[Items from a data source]
==============================
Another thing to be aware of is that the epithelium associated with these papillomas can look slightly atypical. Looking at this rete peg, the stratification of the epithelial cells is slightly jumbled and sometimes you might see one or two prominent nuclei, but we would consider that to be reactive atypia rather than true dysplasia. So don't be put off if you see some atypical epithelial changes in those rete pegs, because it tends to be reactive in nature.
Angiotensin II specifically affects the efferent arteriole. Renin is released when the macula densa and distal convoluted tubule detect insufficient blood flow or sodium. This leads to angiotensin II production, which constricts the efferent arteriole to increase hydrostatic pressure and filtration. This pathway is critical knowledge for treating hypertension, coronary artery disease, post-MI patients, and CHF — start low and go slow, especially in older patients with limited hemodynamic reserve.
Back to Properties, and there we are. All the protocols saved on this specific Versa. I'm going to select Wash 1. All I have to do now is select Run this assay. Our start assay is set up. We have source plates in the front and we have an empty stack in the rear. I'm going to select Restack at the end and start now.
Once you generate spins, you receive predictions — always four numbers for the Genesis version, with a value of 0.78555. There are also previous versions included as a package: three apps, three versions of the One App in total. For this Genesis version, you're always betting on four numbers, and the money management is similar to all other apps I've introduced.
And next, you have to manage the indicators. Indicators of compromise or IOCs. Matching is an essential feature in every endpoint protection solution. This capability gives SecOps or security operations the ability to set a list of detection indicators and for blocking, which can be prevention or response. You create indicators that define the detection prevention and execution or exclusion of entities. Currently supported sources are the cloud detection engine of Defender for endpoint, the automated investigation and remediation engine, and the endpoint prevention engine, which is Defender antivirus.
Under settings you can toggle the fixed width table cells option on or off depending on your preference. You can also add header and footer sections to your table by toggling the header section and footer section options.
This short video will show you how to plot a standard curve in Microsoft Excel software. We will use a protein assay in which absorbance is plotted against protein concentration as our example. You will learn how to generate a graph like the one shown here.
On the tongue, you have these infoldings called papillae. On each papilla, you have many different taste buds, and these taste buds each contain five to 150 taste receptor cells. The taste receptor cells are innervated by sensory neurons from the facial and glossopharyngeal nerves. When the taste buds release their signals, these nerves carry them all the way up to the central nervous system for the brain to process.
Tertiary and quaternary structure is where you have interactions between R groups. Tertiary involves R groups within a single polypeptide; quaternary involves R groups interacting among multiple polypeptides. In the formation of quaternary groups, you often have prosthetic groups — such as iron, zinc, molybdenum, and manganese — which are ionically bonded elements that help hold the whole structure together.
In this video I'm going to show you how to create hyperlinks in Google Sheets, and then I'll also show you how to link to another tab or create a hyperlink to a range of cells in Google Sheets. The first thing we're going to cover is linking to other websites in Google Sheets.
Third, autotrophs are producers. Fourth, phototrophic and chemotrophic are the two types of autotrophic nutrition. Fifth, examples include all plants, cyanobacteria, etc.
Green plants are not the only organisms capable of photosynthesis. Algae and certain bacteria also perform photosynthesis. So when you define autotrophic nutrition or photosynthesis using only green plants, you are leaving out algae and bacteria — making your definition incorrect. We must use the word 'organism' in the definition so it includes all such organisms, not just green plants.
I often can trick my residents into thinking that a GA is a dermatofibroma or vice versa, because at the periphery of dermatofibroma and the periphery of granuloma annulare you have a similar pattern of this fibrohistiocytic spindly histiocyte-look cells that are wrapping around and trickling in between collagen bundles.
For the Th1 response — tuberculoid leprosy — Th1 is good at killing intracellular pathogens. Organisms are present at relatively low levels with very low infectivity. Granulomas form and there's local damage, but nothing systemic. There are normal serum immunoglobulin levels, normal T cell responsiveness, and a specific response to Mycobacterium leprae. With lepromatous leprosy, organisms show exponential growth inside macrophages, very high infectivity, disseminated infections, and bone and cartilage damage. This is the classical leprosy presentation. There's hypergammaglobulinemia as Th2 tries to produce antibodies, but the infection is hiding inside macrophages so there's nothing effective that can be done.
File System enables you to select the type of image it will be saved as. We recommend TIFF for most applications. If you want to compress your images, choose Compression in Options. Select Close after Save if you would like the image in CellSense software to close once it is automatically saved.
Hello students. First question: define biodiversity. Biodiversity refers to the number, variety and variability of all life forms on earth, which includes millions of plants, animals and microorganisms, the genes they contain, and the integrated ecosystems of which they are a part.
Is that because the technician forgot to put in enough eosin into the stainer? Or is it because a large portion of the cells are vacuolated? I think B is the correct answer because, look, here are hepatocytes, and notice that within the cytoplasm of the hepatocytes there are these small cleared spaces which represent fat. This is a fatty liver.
==============================
→ **What you are asked to do**
In the entries above, the lines from the one bearing "Under settings you" up to and including the one bearing "On the tongue, you" should be transcribed exactly; no other line is wanted.

→ **Answer to this task**
Under settings you can toggle the fixed width table cells option on or off depending on your preference. You can also add header and footer sections to your table by toggling the header section and footer section options.
This short video will show you how to plot a standard curve in Microsoft Excel software. We will use a protein assay in which absorbance is plotted against protein concentration as our example. You will learn how to generate a graph like the one shown here.
On the tongue, you have these infoldings called papillae. On each papilla, you have many different taste buds, and these taste buds each contain five to 150 taste receptor cells. The taste receptor cells are innervated by sensory neurons from the facial and glossopharyngeal nerves. When the taste buds release their signals, these nerves carry them all the way up to the central nervous system for the brain to process.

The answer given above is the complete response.